*** Opening Data extract ***
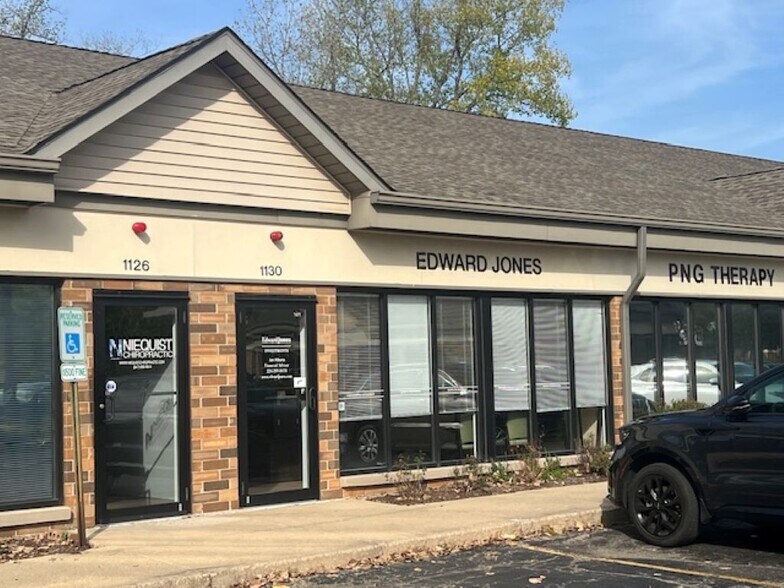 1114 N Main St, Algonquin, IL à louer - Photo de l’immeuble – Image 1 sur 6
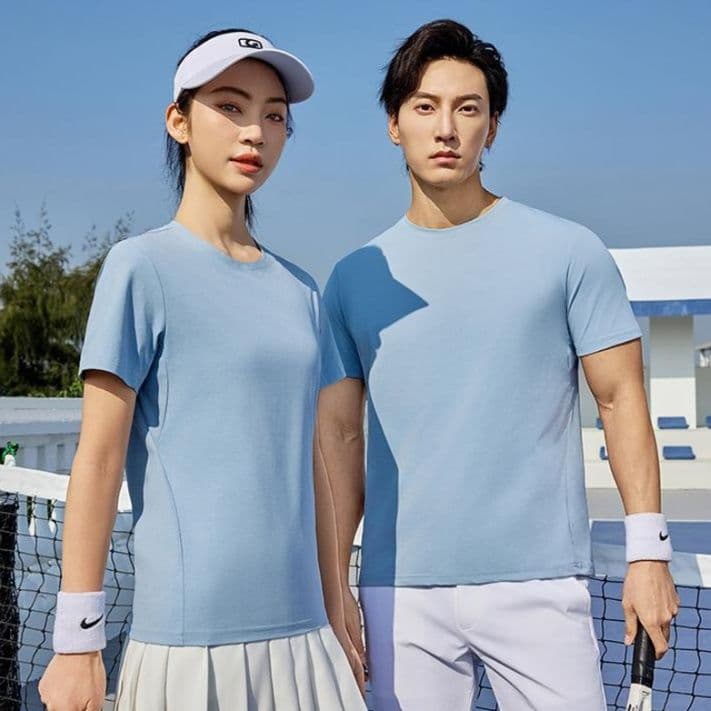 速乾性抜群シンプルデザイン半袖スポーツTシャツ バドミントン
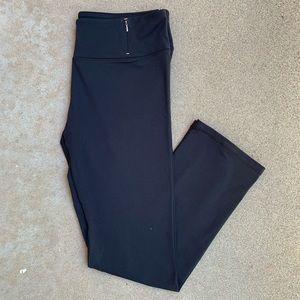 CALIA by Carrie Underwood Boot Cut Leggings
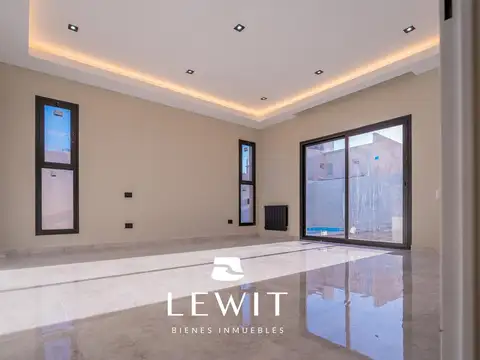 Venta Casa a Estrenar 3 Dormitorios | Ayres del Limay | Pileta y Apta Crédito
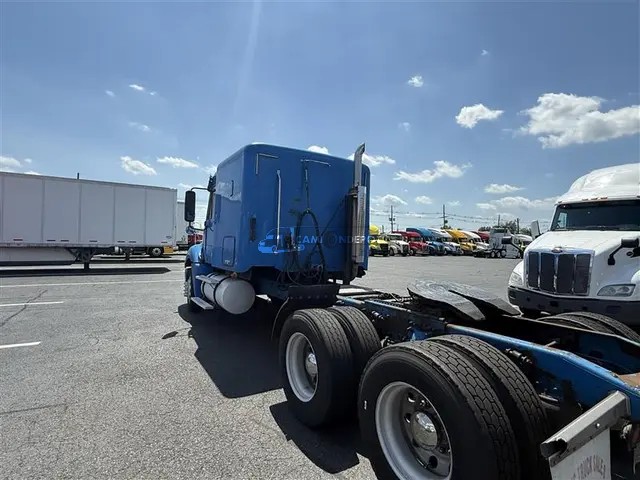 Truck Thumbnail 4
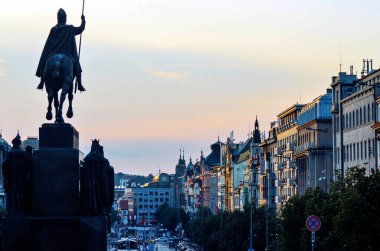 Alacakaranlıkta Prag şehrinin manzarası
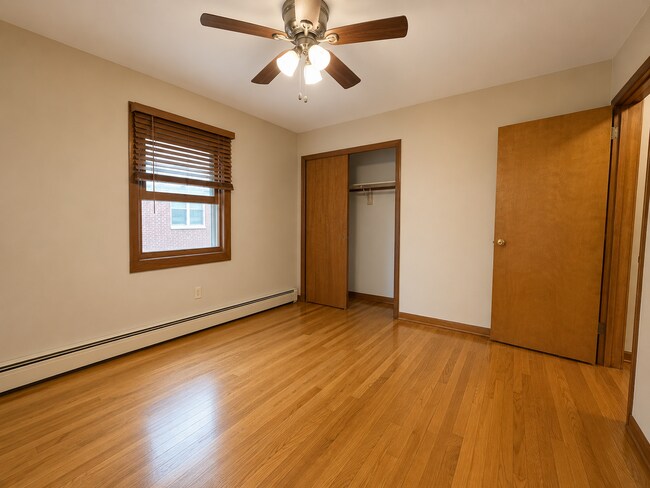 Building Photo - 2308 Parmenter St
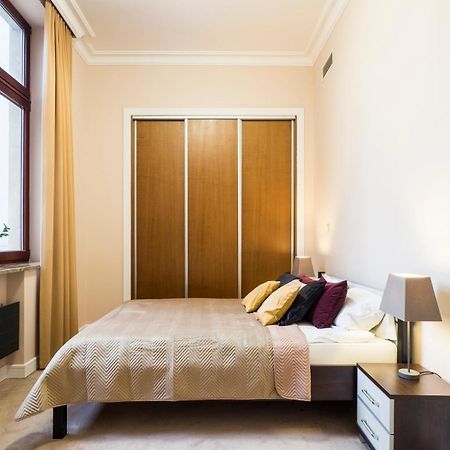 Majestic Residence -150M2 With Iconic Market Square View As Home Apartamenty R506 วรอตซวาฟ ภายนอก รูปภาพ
*** Closing Data extract ***
**What this task involves**. The answer must be an exact copy of the lines from the start of the records above through the line containing "Building Photo - 2308 Parmenter St", with no pictures in it.

**Solution**.
 1114 N Main St, Algonquin, IL à louer - Photo de l’immeuble – Image 1 sur 6
 速乾性抜群シンプルデザイン半袖スポーツTシャツ バドミントン
 CALIA by Carrie Underwood Boot Cut Leggings
 Venta Casa a Estrenar 3 Dormitorios | Ayres del Limay | Pileta y Apta Crédito
 Truck Thumbnail 4
 Alacakaranlıkta Prag şehrinin manzarası
 Building Photo - 2308 Parmenter St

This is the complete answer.